[INFORMATION SHOWN Boundary: Start]

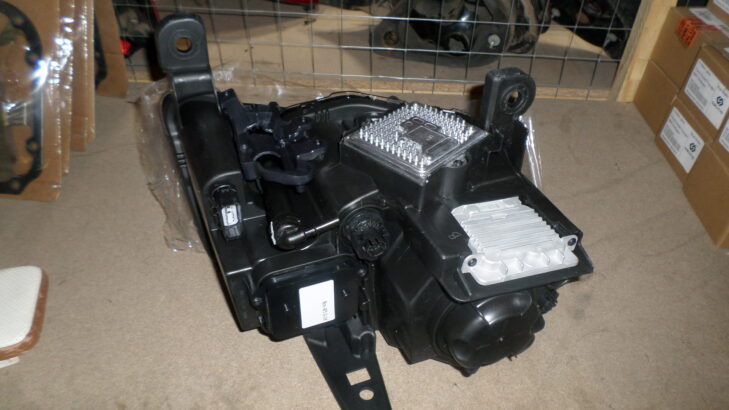 Jeep Grand Cherokee WK2 2014 new headlight for sale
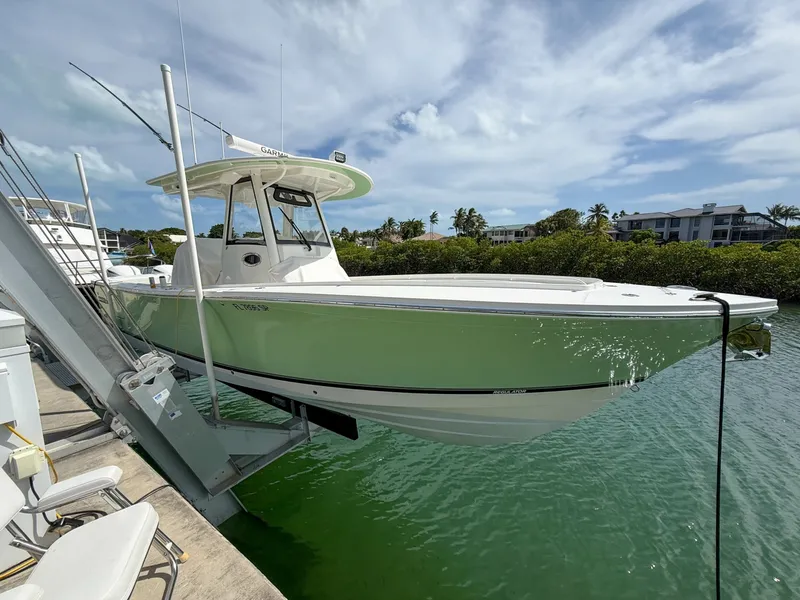 Slide: The Image of Regulator Marine 31 2020 - 6070700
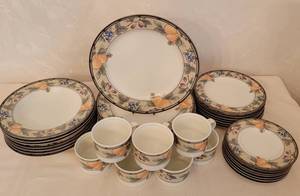 lot 63 image: Mikasa Chinaware Service  Garden Harvest Pattern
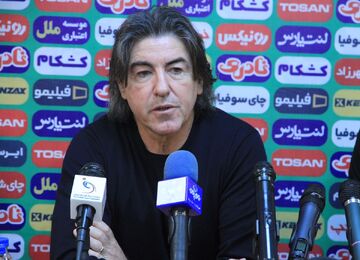 ساپینتو هشدار داد: باید زمین خودمان را داشته باشیم/ برد این بازی برای ما حیاتی است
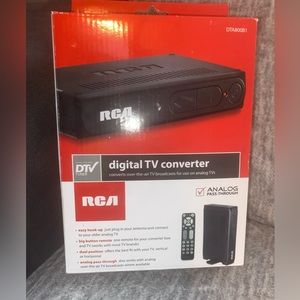 RCA digital TV converter comes with everything in the picture  with remote
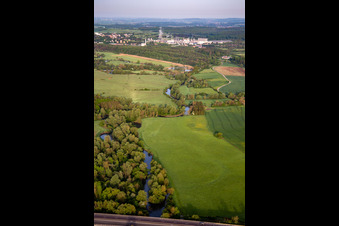 Vue aérienne de Les prairies inondables de la Sarre sont le lieu de nourrissage des cigognes à Willerwald dans le département Moselle, France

[INFORMATION SHOWN Boundary: End]

• THE PROBLEM: Leave the pictures out. Output exactly, and only, the lines from the one with "Slide: The Image" through the last line of the listing above, both included.

• RESULT OF THIS EXERCISE:
 Slide: The Image of Regulator Marine 31 2020 - 6070700
 lot 63 image: Mikasa Chinaware Service  Garden Harvest Pattern
 ساپینتو هشدار داد: باید زمین خودمان را داشته باشیم/ برد این بازی برای ما حیاتی است
 RCA digital TV converter comes with everything in the picture  with remote
 Vue aérienne de Les prairies inondables de la Sarre sont le lieu de nourrissage des cigognes à Willerwald dans le département Moselle, France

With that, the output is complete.